Task input section start

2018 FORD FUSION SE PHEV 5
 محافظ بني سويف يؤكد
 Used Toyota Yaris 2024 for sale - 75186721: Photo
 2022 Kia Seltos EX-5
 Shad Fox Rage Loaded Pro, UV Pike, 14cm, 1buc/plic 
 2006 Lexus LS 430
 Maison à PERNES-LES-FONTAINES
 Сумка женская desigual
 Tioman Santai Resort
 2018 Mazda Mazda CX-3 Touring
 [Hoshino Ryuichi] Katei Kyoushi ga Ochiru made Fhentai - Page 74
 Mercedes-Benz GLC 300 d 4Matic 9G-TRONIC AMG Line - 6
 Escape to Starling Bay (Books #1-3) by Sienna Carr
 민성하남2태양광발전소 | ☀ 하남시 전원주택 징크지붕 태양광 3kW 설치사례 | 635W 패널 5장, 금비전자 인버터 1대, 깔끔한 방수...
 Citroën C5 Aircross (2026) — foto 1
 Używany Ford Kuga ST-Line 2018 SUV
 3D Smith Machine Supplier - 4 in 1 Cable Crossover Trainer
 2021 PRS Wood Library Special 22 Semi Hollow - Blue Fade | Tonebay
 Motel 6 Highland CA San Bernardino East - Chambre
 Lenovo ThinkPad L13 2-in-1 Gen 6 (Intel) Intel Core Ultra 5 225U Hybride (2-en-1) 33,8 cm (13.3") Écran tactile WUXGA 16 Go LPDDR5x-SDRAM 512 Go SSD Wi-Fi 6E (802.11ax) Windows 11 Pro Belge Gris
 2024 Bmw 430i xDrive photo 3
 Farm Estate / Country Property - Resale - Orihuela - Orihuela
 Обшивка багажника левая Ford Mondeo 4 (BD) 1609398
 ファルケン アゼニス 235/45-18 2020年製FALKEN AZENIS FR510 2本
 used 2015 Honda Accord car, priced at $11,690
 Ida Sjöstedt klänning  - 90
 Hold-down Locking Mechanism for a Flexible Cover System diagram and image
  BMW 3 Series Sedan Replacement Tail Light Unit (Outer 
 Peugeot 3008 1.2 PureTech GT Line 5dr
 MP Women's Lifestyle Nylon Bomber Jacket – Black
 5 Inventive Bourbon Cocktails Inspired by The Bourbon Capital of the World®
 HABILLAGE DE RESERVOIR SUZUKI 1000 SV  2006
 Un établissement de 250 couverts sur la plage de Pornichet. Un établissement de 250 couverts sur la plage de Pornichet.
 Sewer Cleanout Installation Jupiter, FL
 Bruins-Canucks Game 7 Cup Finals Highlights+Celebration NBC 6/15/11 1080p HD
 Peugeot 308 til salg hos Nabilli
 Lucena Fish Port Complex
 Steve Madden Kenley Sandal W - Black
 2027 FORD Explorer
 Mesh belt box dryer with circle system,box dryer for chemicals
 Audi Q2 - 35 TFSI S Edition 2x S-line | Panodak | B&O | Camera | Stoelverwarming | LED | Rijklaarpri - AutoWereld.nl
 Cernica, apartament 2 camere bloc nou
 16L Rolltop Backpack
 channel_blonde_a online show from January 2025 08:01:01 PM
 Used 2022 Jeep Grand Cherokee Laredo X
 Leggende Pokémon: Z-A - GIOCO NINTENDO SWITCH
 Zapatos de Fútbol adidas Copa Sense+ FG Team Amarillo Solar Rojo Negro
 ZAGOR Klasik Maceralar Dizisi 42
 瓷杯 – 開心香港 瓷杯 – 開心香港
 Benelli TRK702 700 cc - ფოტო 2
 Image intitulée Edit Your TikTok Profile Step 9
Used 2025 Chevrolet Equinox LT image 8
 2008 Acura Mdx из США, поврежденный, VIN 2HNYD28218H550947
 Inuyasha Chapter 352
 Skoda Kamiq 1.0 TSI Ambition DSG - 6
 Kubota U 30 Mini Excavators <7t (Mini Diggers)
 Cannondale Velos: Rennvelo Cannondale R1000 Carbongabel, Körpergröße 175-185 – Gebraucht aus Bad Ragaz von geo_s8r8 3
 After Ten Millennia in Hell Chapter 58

Task input section end

◆ Aim of the task
Transcribe each record shown above, exactly.

◆ Response for this exercise
2018 FORD FUSION SE PHEV 5
 محافظ بني سويف يؤكد
 Used Toyota Yaris 2024 for sale - 75186721: Photo
 2022 Kia Seltos EX-5
 Shad Fox Rage Loaded Pro, UV Pike, 14cm, 1buc/plic 
 2006 Lexus LS 430
 Maison à PERNES-LES-FONTAINES
 Сумка женская desigual
 Tioman Santai Resort
 2018 Mazda Mazda CX-3 Touring
 [Hoshino Ryuichi] Katei Kyoushi ga Ochiru made Fhentai - Page 74
 Mercedes-Benz GLC 300 d 4Matic 9G-TRONIC AMG Line - 6
 Escape to Starling Bay (Books #1-3) by Sienna Carr
 민성하남2태양광발전소 | ☀ 하남시 전원주택 징크지붕 태양광 3kW 설치사례 | 635W 패널 5장, 금비전자 인버터 1대, 깔끔한 방수...
 Citroën C5 Aircross (2026) — foto 1
 Używany Ford Kuga ST-Line 2018 SUV
 3D Smith Machine Supplier - 4 in 1 Cable Crossover Trainer
 2021 PRS Wood Library Special 22 Semi Hollow - Blue Fade | Tonebay
 Motel 6 Highland CA San Bernardino East - Chambre
 Lenovo ThinkPad L13 2-in-1 Gen 6 (Intel) Intel Core Ultra 5 225U Hybride (2-en-1) 33,8 cm (13.3") Écran tactile WUXGA 16 Go LPDDR5x-SDRAM 512 Go SSD Wi-Fi 6E (802.11ax) Windows 11 Pro Belge Gris
 2024 Bmw 430i xDrive photo 3
 Farm Estate / Country Property - Resale - Orihuela - Orihuela
 Обшивка багажника левая Ford Mondeo 4 (BD) 1609398
 ファルケン アゼニス 235/45-18 2020年製FALKEN AZENIS FR510 2本
 used 2015 Honda Accord car, priced at $11,690
 Ida Sjöstedt klänning  - 90
 Hold-down Locking Mechanism for a Flexible Cover System diagram and image
  BMW 3 Series Sedan Replacement Tail Light Unit (Outer 
 Peugeot 3008 1.2 PureTech GT Line 5dr
 MP Women's Lifestyle Nylon Bomber Jacket – Black
 5 Inventive Bourbon Cocktails Inspired by The Bourbon Capital of the World®
 HABILLAGE DE RESERVOIR SUZUKI 1000 SV  2006
 Un établissement de 250 couverts sur la plage de Pornichet. Un établissement de 250 couverts sur la plage de Pornichet.
 Sewer Cleanout Installation Jupiter, FL
 Bruins-Canucks Game 7 Cup Finals Highlights+Celebration NBC 6/15/11 1080p HD
 Peugeot 308 til salg hos Nabilli
 Lucena Fish Port Complex
 Steve Madden Kenley Sandal W - Black
 2027 FORD Explorer
 Mesh belt box dryer with circle system,box dryer for chemicals
 Audi Q2 - 35 TFSI S Edition 2x S-line | Panodak | B&O | Camera | Stoelverwarming | LED | Rijklaarpri - AutoWereld.nl
 Cernica, apartament 2 camere bloc nou
 16L Rolltop Backpack
 channel_blonde_a online show from January 2025 08:01:01 PM
 Used 2022 Jeep Grand Cherokee Laredo X
 Leggende Pokémon: Z-A - GIOCO NINTENDO SWITCH
 Zapatos de Fútbol adidas Copa Sense+ FG Team Amarillo Solar Rojo Negro
 ZAGOR Klasik Maceralar Dizisi 42
 瓷杯 – 開心香港 瓷杯 – 開心香港
 Benelli TRK702 700 cc - ფოტო 2
 Image intitulée Edit Your TikTok Profile Step 9
Used 2025 Chevrolet Equinox LT image 8
 2008 Acura Mdx из США, поврежденный, VIN 2HNYD28218H550947
 Inuyasha Chapter 352
 Skoda Kamiq 1.0 TSI Ambition DSG - 6
 Kubota U 30 Mini Excavators <7t (Mini Diggers)
 Cannondale Velos: Rennvelo Cannondale R1000 Carbongabel, Körpergröße 175-185 – Gebraucht aus Bad Ragaz von geo_s8r8 3
 After Ten Millennia in Hell Chapter 58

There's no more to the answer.